When you think about it, Saturday’s 5-4, 11-inning loss to Auburn was really was the perfect way for LSU’s erratic regular season to end.
The tantalizingly talented pitching, in this case Zack Hess, giving up a tying two-run home run in the ninth a strike away from victory. The veteran hitter, in this case Antoine Duplantis, a couple of feet either way from re-tying the game in the 11th with a grounder past third base.
In a season that started with sky-high expectations even by LSU baseball’s sky-high standards — remember that preseason No. 1 ranking? How could anyone forget? — evolving into another great LSU baseball team making another run at postseason titles and a trip to the College World Series just seems to continue to brush past these Tigers’ searching, outstretched fingers.
No question, LSU is rolling into the postseason with some enviable momentum. Duplantis’ three-run home run to beat Arkansas 3-2 last Saturday definitely sparked something in the Tigers, who went on to beat an in-state midweek opponent (UNO 7-5 … I’ll alert the rest of the media). LSU (34-22, 17-13 Southeastern Conference) then took the first two games of the Auburn series 7-1 and 5-1 with some timely and powerful hitting and a pair of combined two-hitters, the first time LSU pitchers have done that in back-to-back games since a pair of one-hitters in 1989.
“I’m proud of what we accomplished,” LSU coach Paul Mainieri said. “We fought through a lot of injuries to our pitching and won six of 10 (SEC) series. We didn’t get swept.
“This weekend was a big step in the right direction.”
But the margins for this LSU team are as thin as the paper Saturday’s box score was printed on.
The good news for LSU is Saturday’s loss didn’t cost the Tigers anything as far as their SEC tournament seeding, and they still have hopes of hosting an NCAA regional at Alex Box Stadium. The Tigers won the series against an Auburn team that came into the series ranked ahead of them in RPI, and LSU has an impressive 19 top 50 wins, one of the best such totals in the nation.
But LSU goes to Hoover, Alabama, its traditional postseason playland — the Tigers have won six SEC tournament titles under Mainieri and reached the final for a seventh time in 2018 — not knowing who it will start Tuesday night against South Carolina.
Considering the Tigers are the No. 5 seed and the Gamecocks are the No. 12 — just clawing their way into the SEC tournament with an 8-22 conference record — you’d figure LSU to be the overwhelming favorite.
But if you lined up LSU’s injured pitchers this season with their arms outstretched fingertip to fingertip, they’d reach from Alex Box Stadium to the Hoover Met. The Tigers got some good news Saturday in that stud freshman Cole Henry’s simulated game went well but bad news in that freshman Jaden Hill was unable to throw his simulated game at all. That makes him unavailable for the SEC tournament and at this point a write-off for the NCAA tournament as well.

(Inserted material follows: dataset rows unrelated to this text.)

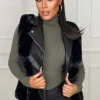 Women FLAM MODE Coats And Jackets<Wrapped In Desire Black Faux Leather & Faux Fur Gilet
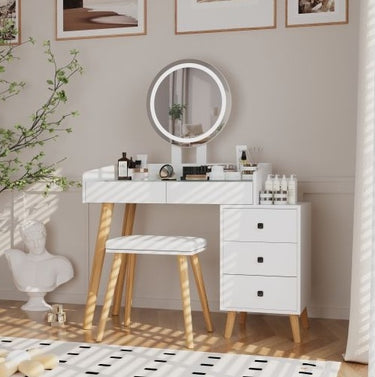 Dressing Table With LED Lights & Extendable Side Table, Stool
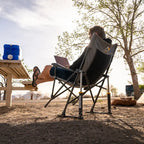 Luxury Camp RoadTrip Rocker - Choice 855 - Heavy-Duty Kickback Rocker with Beverage Holder Detail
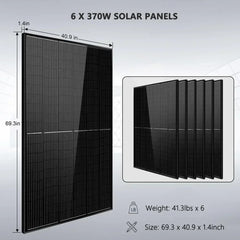 Off-Grid Solar Kit 6500W 48VDC 120/240VAC 10.24KWH PowerWall Lithium Battery 6 X 370 Watts Solar Panels SGM-6510M - Green Vista Living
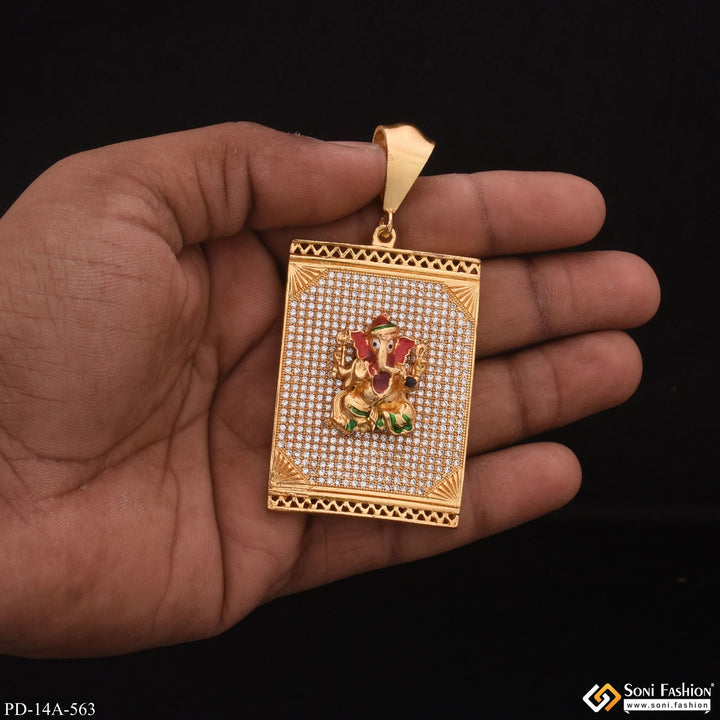 Soni Fashion - pendant - Ganesha In Diamond Gold Plated Attractive Pendant - Style A563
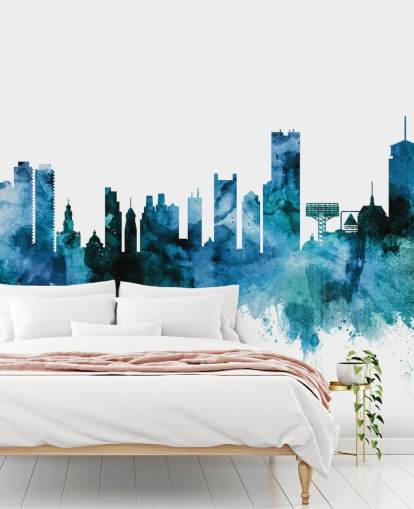 Decorazione murale con skyline blu di Boston, Massachusetts Decorazione murale con skyline blu di Boston, Massachusetts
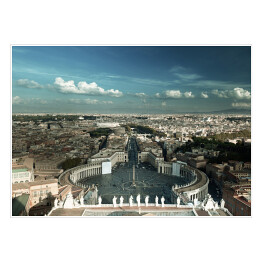 Plakat samoprzylepny Widok z Bazyliki na Plac Świętego Piotra w Watykanie w Rzymie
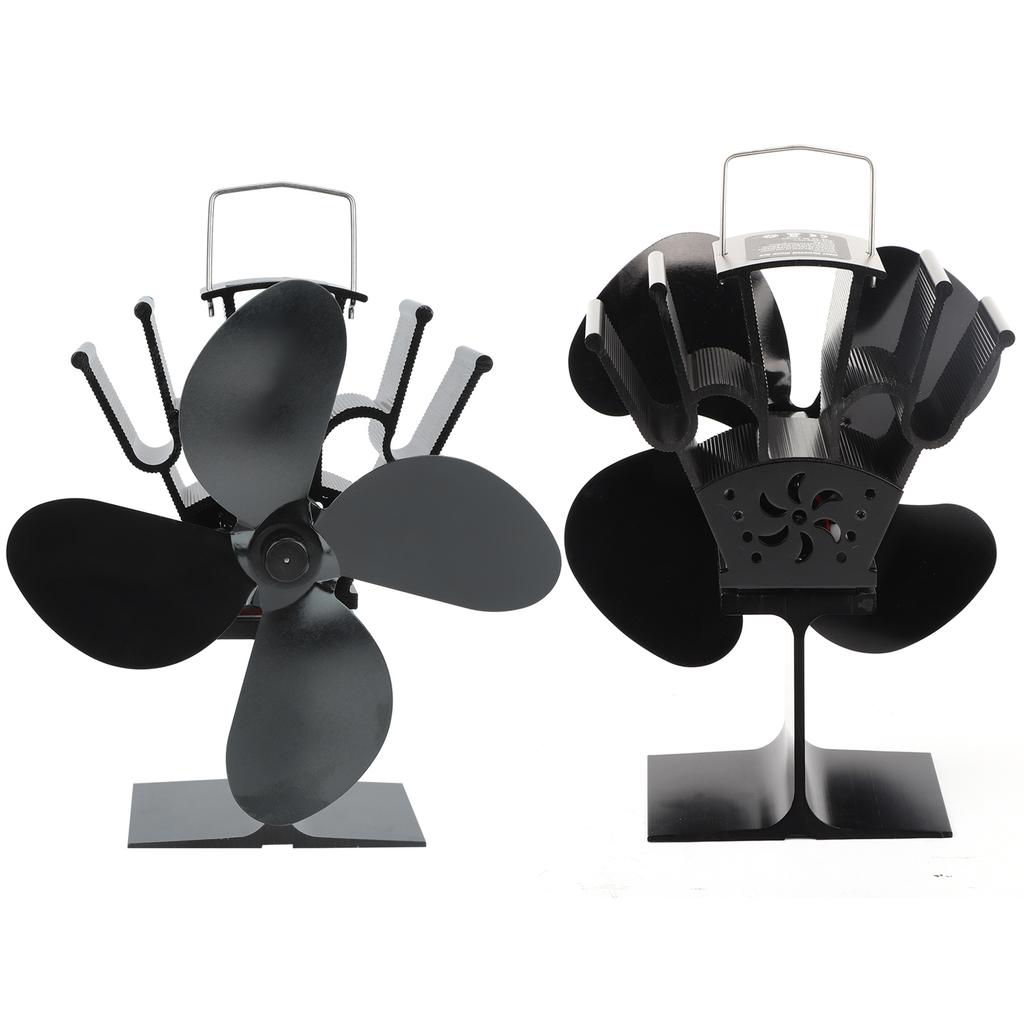Heat Powered 4 Blade Fireplace Stove Fan Wood Log Burner Fan for Home Heat Circulation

Mainieri wouldn’t come out and say it, but there have to be crossed fingers on every LSU baseball coach’s hand that Henry will be able to start Tuesday and give the Tigers … something. They really don’t have a lot of other dependable options other than, perhaps, Todd Peterson, who pitched twice in relief in the Auburn series.
“He was a little rusty,” Mainieri said of Henry's simulated game. “I’d say he had his ‘B’ stuff.”
Henry’s “B” stuff sounds like the stuff of legends all things considered.
Part of the problem for LSU is timing. The Tigers salvaged the last game of the series at Arkansas and it was seen as a momentum booster. They lost the last game of the Auburn series and it’s a splash of cold water. If LSU had split the first two against Auburn and won Saturday, the series would have a different feel to it.
As it is, you know LSU is playing better. The Tigers know they are playing better.
“The team is really close to where it needs to be,” Hess said.
But there are just enough question marks to give you pause. And that’s what makes Saturday’s loss to Auburn the perfect summation to this quite imperfect LSU baseball season. A season in which the Tigers can see greatness but just haven't figured out the path to it yet.